The remedial contempt route is sought when trying to compel a party’s compliance, such as compelling a payor to pay court ordered child support. Are you wanting to compel the child’s mother to set up the supervised visitation and begin that visitation? If so, this would be the avenue. However, it is not a quick remedy by any means. You must file the paperwork and await the issued Order and Citation. Then you must serve the paperwork on the party at least 21 days before an advisement. At that advisement, the evidentiary hearing is set into the future.
A punitive contempt is pursued as punishment. It is utilized when the violation is willful and in derogation of the authority and dignity of the Court. Although violations of court orders are disfavored, filing for punitive contempt can make the party seeking it look bad as well. The court looks to why a parent would be seeking to punish the other parent. This is a rare sanction to seek against a parent who is not exercising court ordered parenting time. It is more commonly used when support is consistently not being paid or if a parent is interfering with the other parent’s parenting time.
If you are considering contempt sanctions because you want the court to be aware that the mother is not complying, I would not go the contempt sanctions route. If you have a future evidentiary hearing set, her non-compliance is your best evidence and the longer she doesn’t comply the worse for her case. At the evidentiary hearing, you can alert the court of her non-compliance, which will not please the court and will likely result in no new orders in mother’s favor.
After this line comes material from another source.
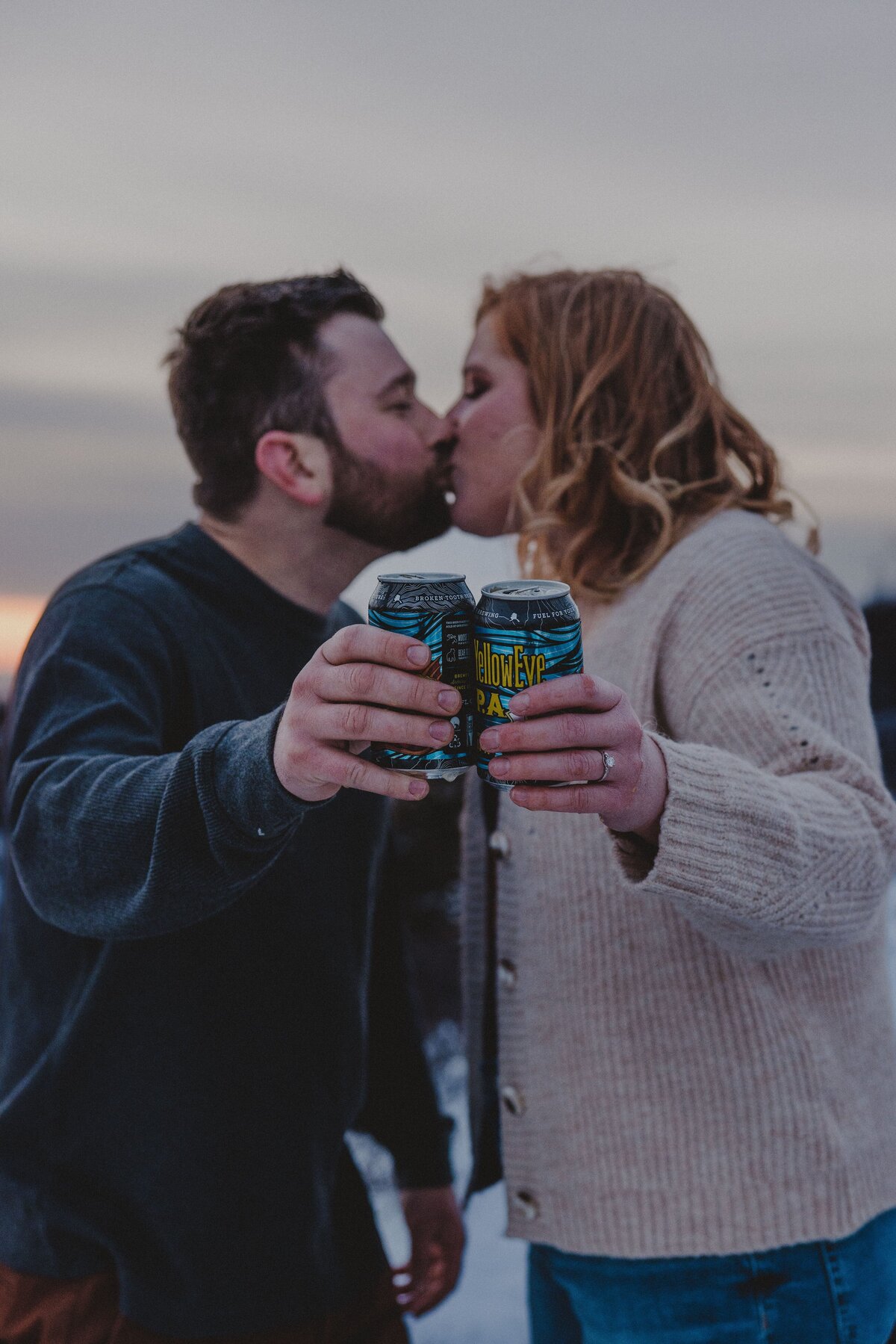 163AlaskaMountain EngagementGlen Alps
Until then, your child is not at risk, as it seems from the orders that mother only sees the child under those supervised terms or not at all. If the orders you reference are your final orders, and the mother would have to seek a modification in the future, again the status quo for your child’s benefit remains. The longer the mother fails to comply with the current orders, the worse chance she has at a modification in the future.
If you are thinking of pursuing contempt because you want to improve the mother’s relationship with the child, begin the reintegration, and move toward a healthy parent-child relationship, that is incredibly admirable. It saddens me to say, though, that if she is not voluntarily doing what is required of herself to have that relationship, contempt will not help. I wish you the best of luck.
Probably so, but it appears the Court has already stated the consequence, which is that she cannot apply for unsupervised time. What is the reason for trying to force her to engage in her ordered parenting time?
The information provided in this answer does not create an attorney-client relationship and is not considered to be legal advice
Yes, it would technically be a violation of the judge's order and contempt of court. You can instead file a motion to modify the court's orders based on the failure for the mother to comply with the court-ordered supervision plan.
The information provided in this answer does not create an attorney-client relationship and is not considered to be legal advice.